I have struggled with issues surrounding self-esteem for the last 3 or so years. My lack of confidence in myself, and my own abilities/giftings has hindered me in so many ways. But this question ‘do you feel yourself sufficient?’ is one I have come face-to-face with several times. It is one that I come back to, again and again. For a long time, I knew that I had these insecurities, I knew that I lacked confidence, and I (falsely) believed this was the way things would always be, so I carried on, with that British ‘stiff upper lip’, pretending everything was fine. Until one day it hurt too much… The best decision I ever made, and probably the hardest, was to admit to a trusted friend what was really going on.
Since that day, I have lived in the promise that ‘strength is found in weakness’ (2 Corinthians 12:9). I have discovered, and more importantly accepted the things that make me ‘me’ and I have allowed God to reveal who he has made me to be. And now, I approach life, and particularly my calling toward ordination differently. Yes, I still struggle. And no, I don’t have it all together. But each day, I asked God to re-assure me of his love; to remind me of his faithfulness; to re-new his strength within me.
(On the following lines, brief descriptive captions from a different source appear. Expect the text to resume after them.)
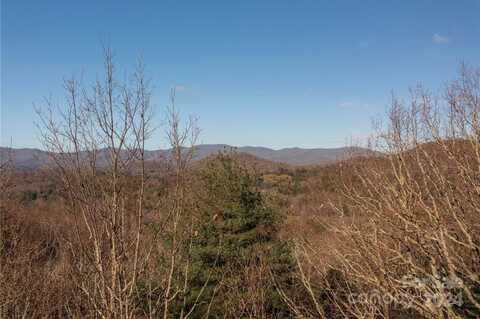 99999 Bishop Cove, Fairview, NC 28730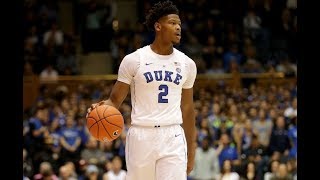 Cameron Reddish - Duke Highlights 2019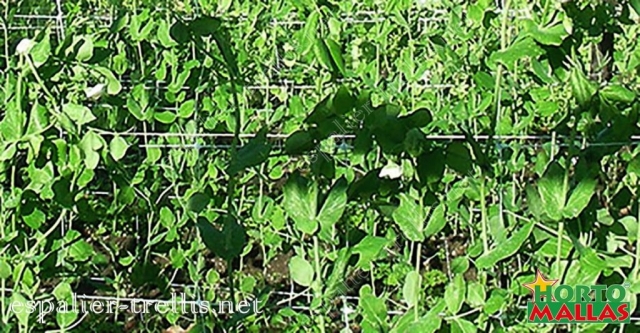 Trellis net for the tutoring of the plants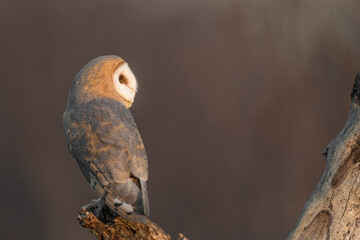 Barn owl at sunset (Tyto alba)
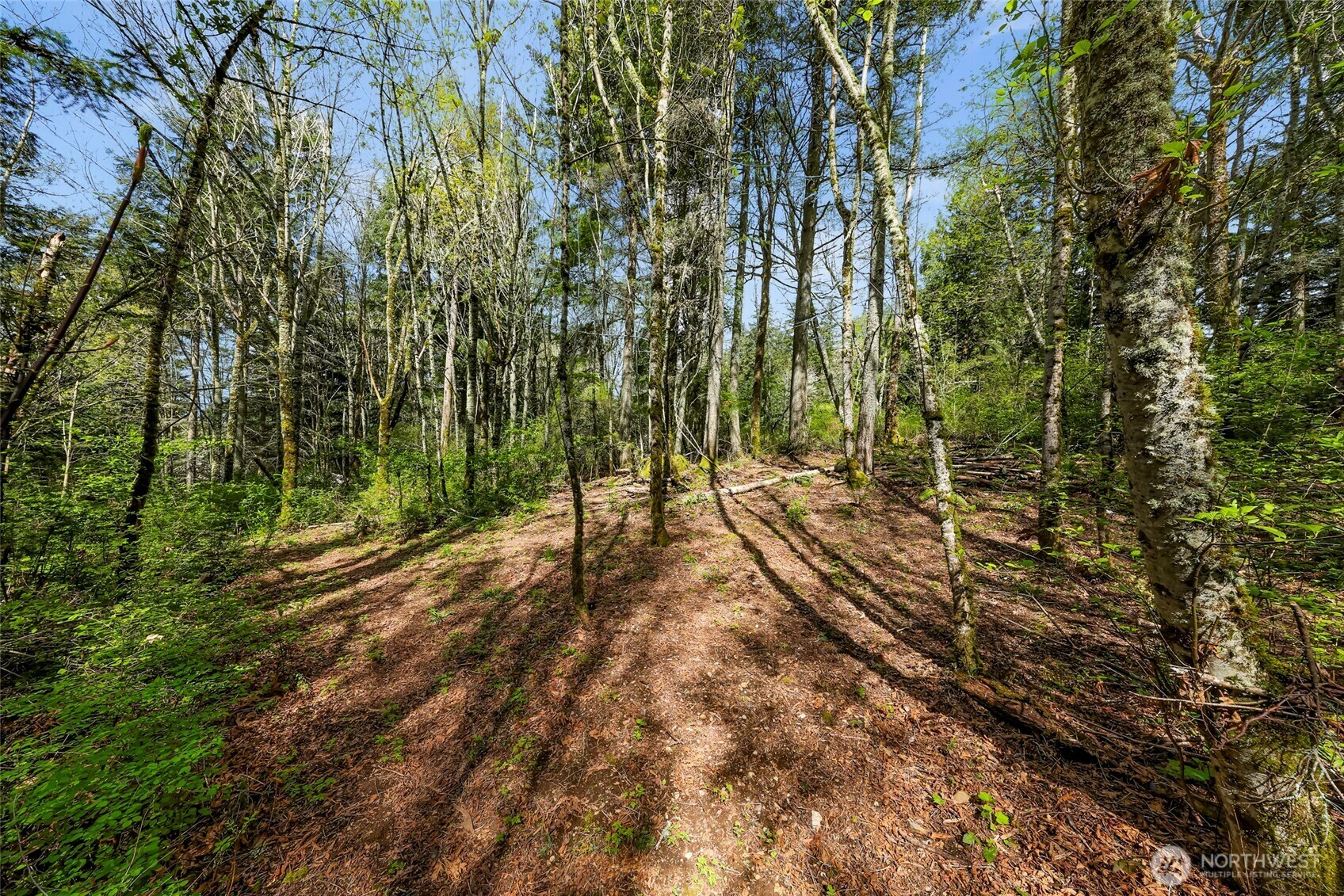 Property Photo: 1800 40th Place WA 98229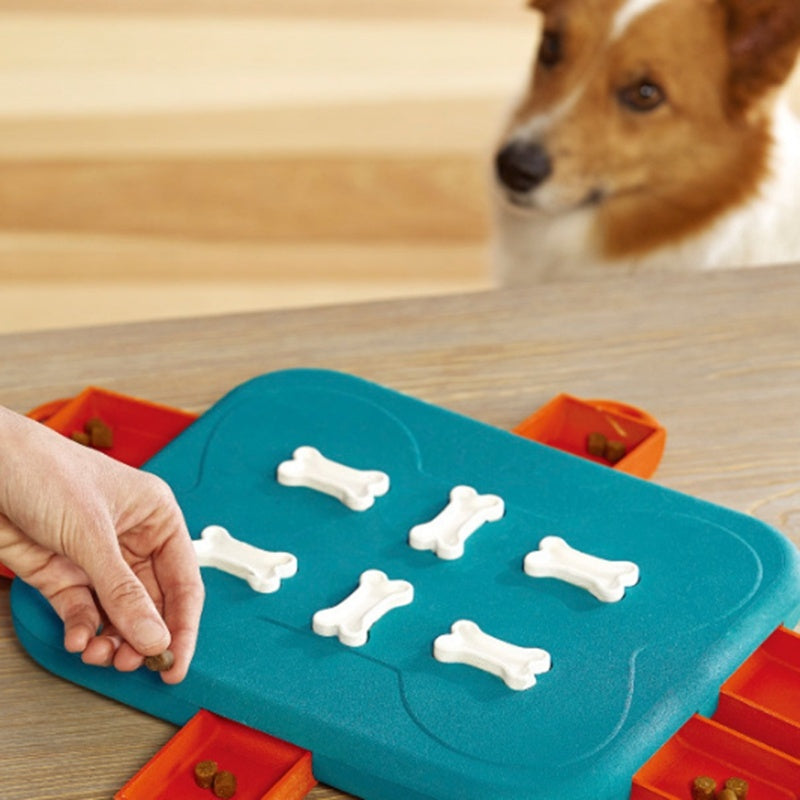 Dog food leaker educational toy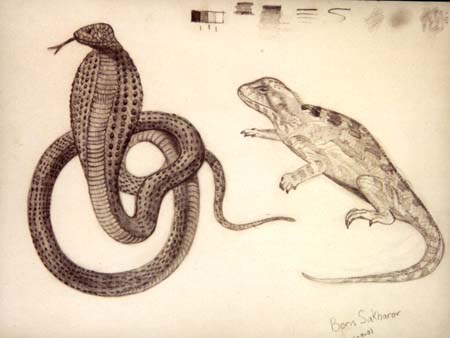 Snake_and_lizard._(study)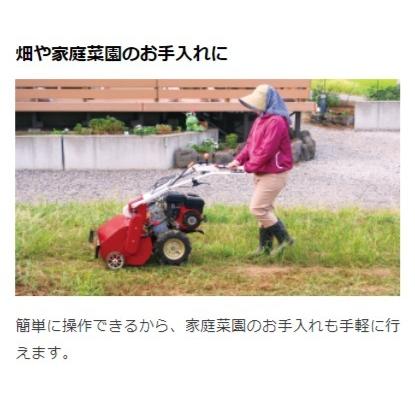 コンパクトハンマーモア 2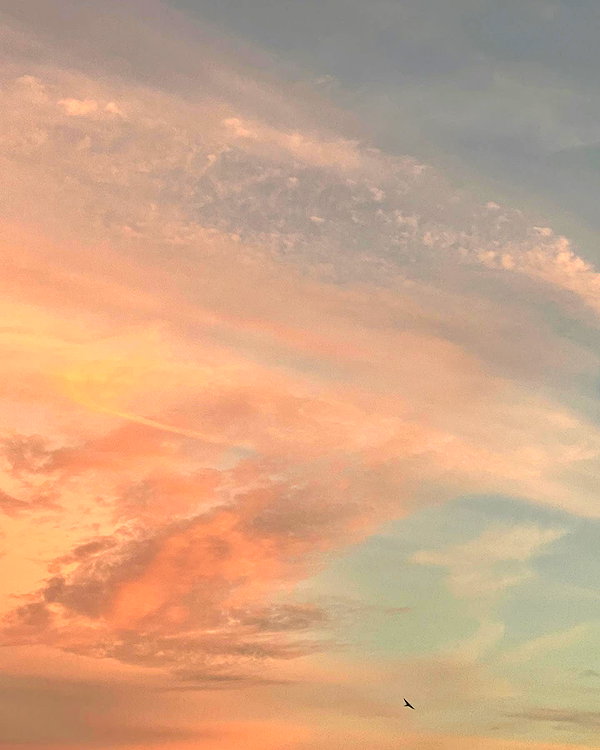 sullivang_ instagram image archive image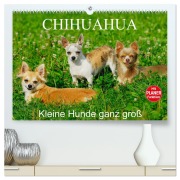 Chihuahua - Kleine Hunde ganz groß (hochwertiger Premium Wandkalender 2026 DIN A2 quer), Kunstdruck in Hochglanz - Sigrid Starick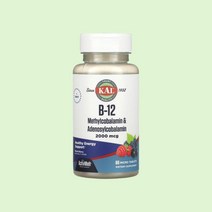 KAL 메틸코발라민 2000mcg 60정 활성형 고함량 B12 빈혈, 3개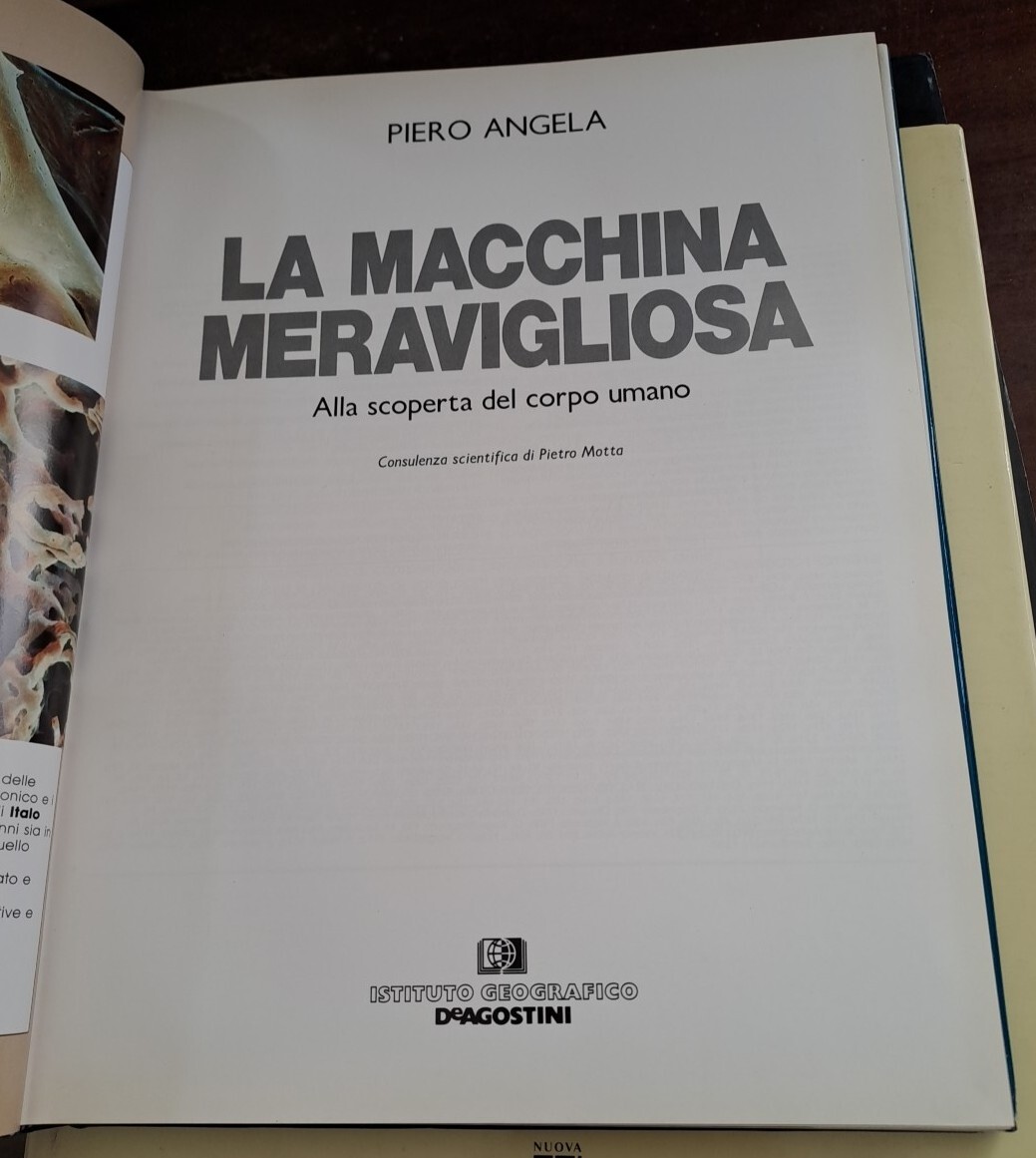 Foto 6 di 15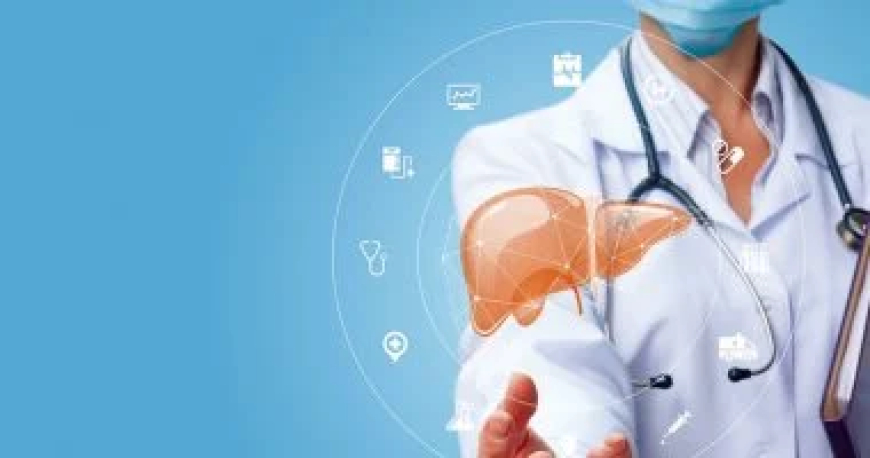 دراسة تكشف.. جزىء طبيعى داخل الأمعاء يمكنه إصلاح تلف الكبد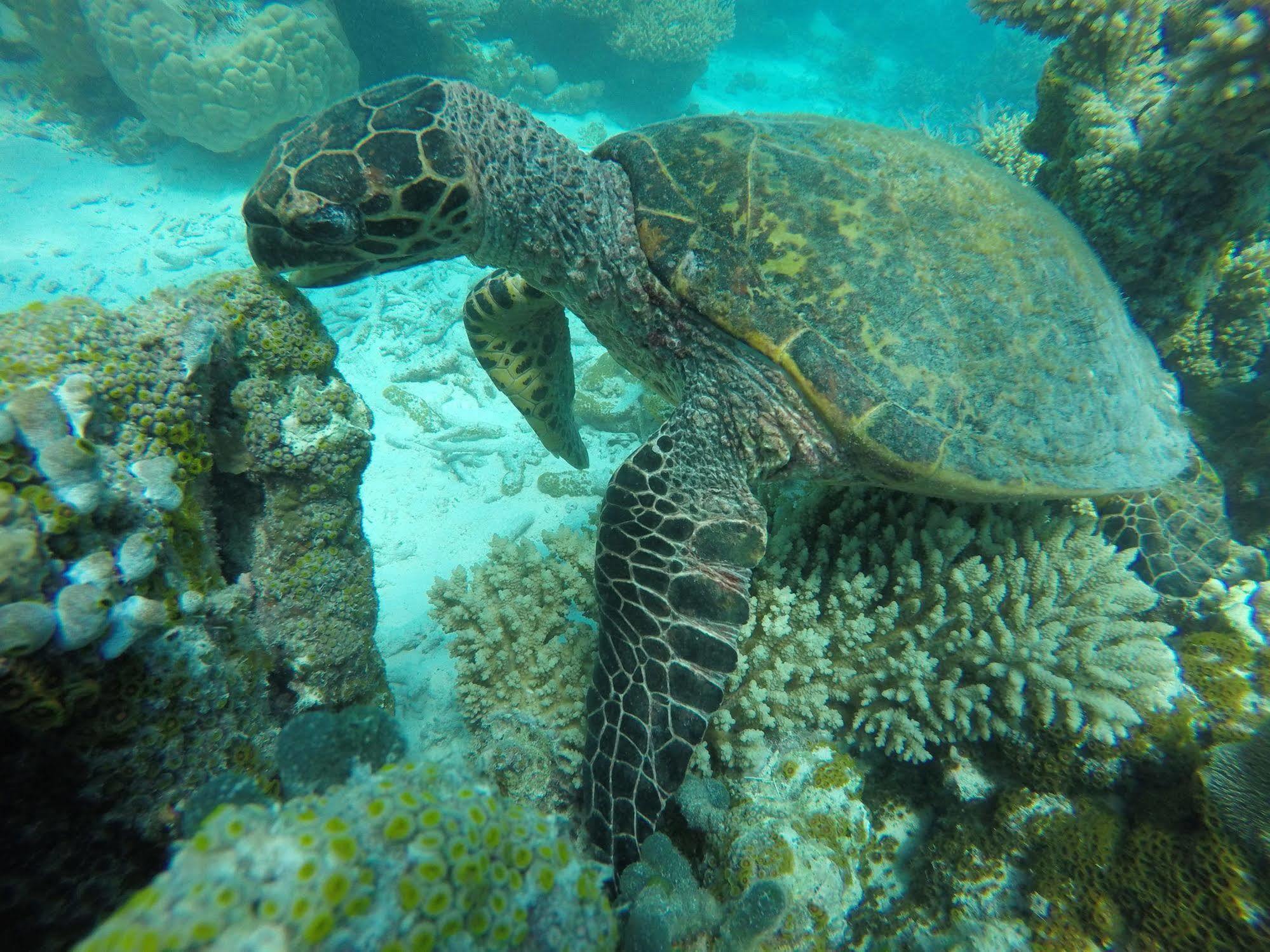 Lily Rest Maldives Hotell Maafushi Eksteriør bilde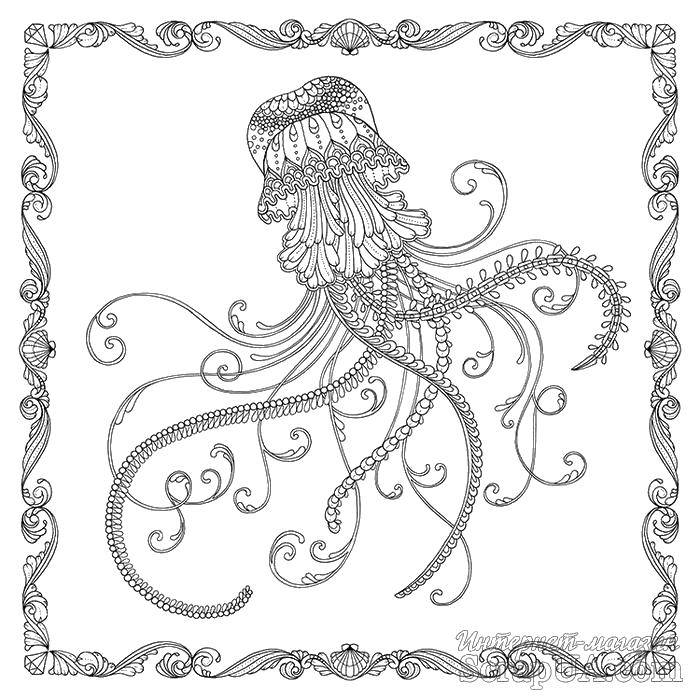   Медуза с длинными щупальцами.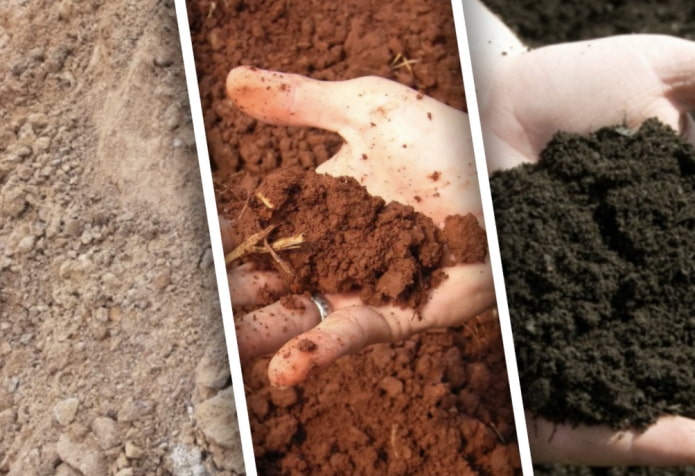 7 самых популярных типов почв и их особенности, которые должен знать каждый садовод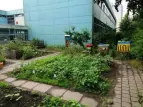 Blick in den sommerlichen Garten 2019 mit unserem neuen Hochbeet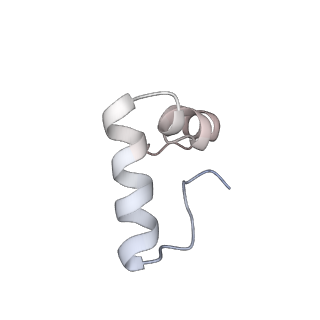 20057_6ogg_D_v1-2
70S termination complex with RF2 bound to the UGA codon. Rotated ribosome with RF2 bound (Structure IV).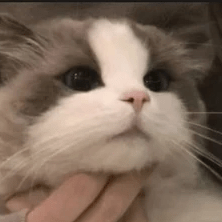 Taki Exist Github - High Quality Full HD Minimal Images | Free Download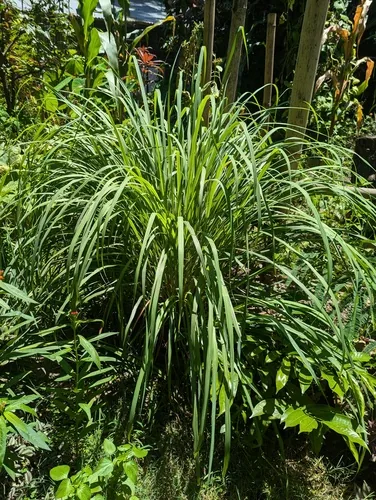 Photo: (c) Sagnik Dutta Roy, some rights reserved (CC BY) · cc-by · via iNaturalist Lemongrass (Cymbopogon citratus), photograph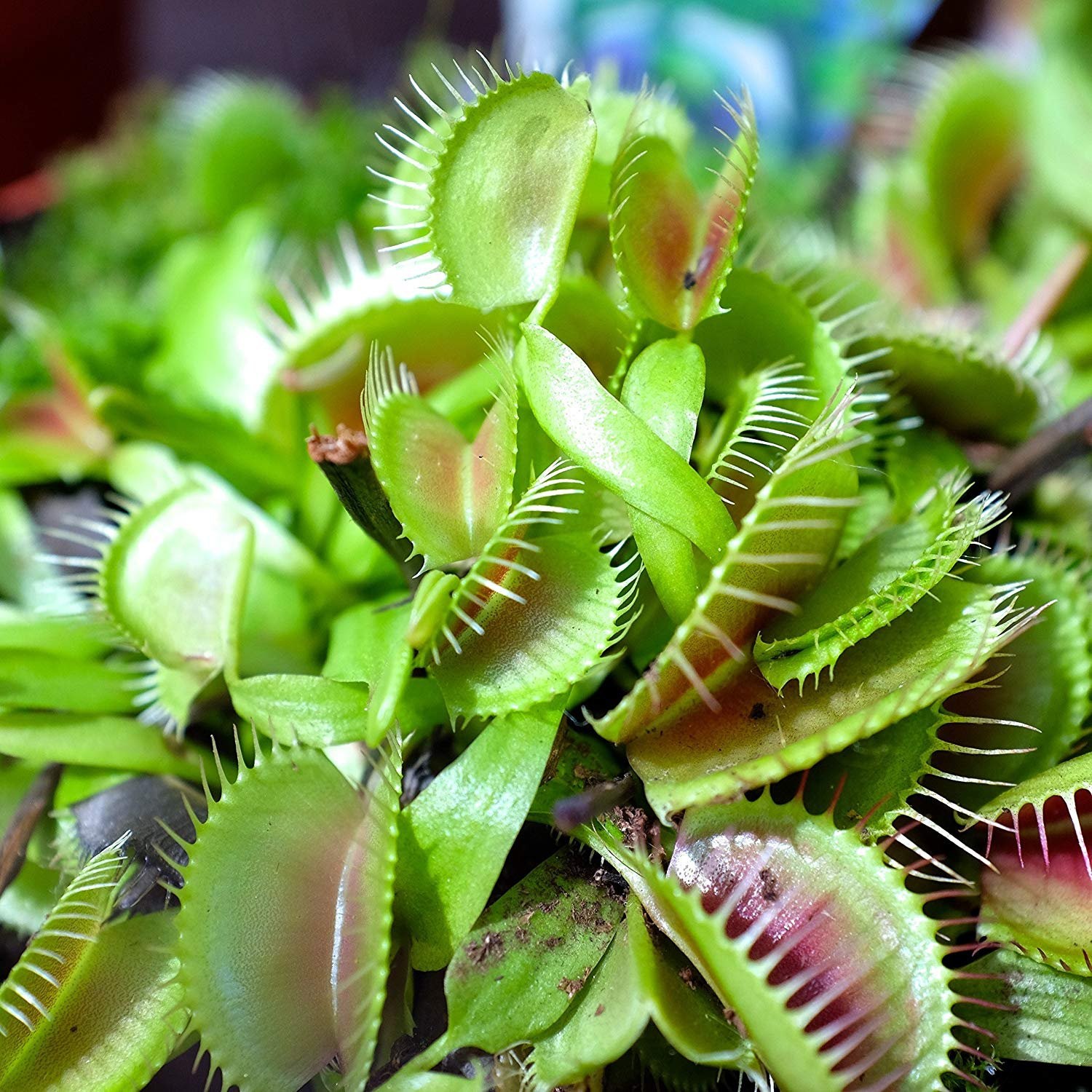 10 Seeds Venus Flytrap Seeds For Planting – Dionaea Muscipula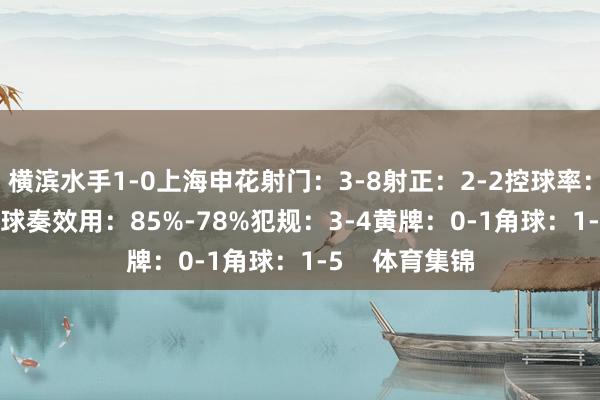 横滨水手1-0上海申花射门：3-8射正：2-2控球率：51%-49%传球奏效用：85%-78%犯规：3-4黄牌：0-1角球：1-5    体育集锦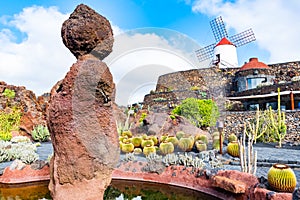 Beatiful View of cactus garden, Jardin de Cactus in Guatiza, Lanzarote, Canary Islands, Spain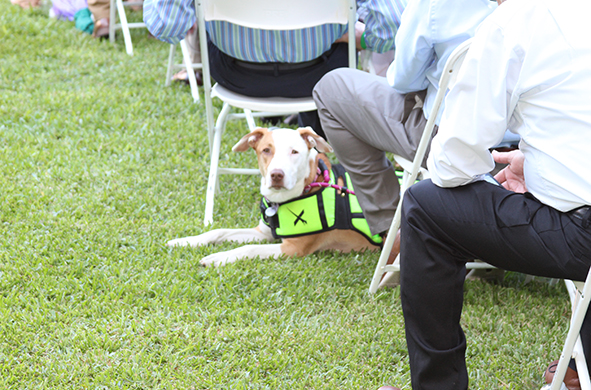 A service dog sits in the grass at Spring 2022 graduation.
And now, looking toward the future, and discerning with others, what God is calling me to, I am once again reminded of that question. ‘Do you yourself feel sufficient?’ And what God tells us here is that it’s ok for the answer to be no. In fact, it’s better if the answer is no. Because in that insufficiency, God can work. Don’t let your insecurities hinder you, don’t hide behind your fears, but trust that God can do great things through those who love him (Romans 8:28).
Before I moved to London, someone said to me ‘if you want to walk on water, you have to have the faith to step out of the boat’. That phrase has stuck with me ever since. What’s holding you back today? As we spend time, this Lent, deepening our relationship with God, ask him to help you.
The best thing you can offer to the world is yourself! So be confident in who you are, because that is one amazing person! And allow God to work through you – molding and shaping you into the fullness of who he is calling you to be.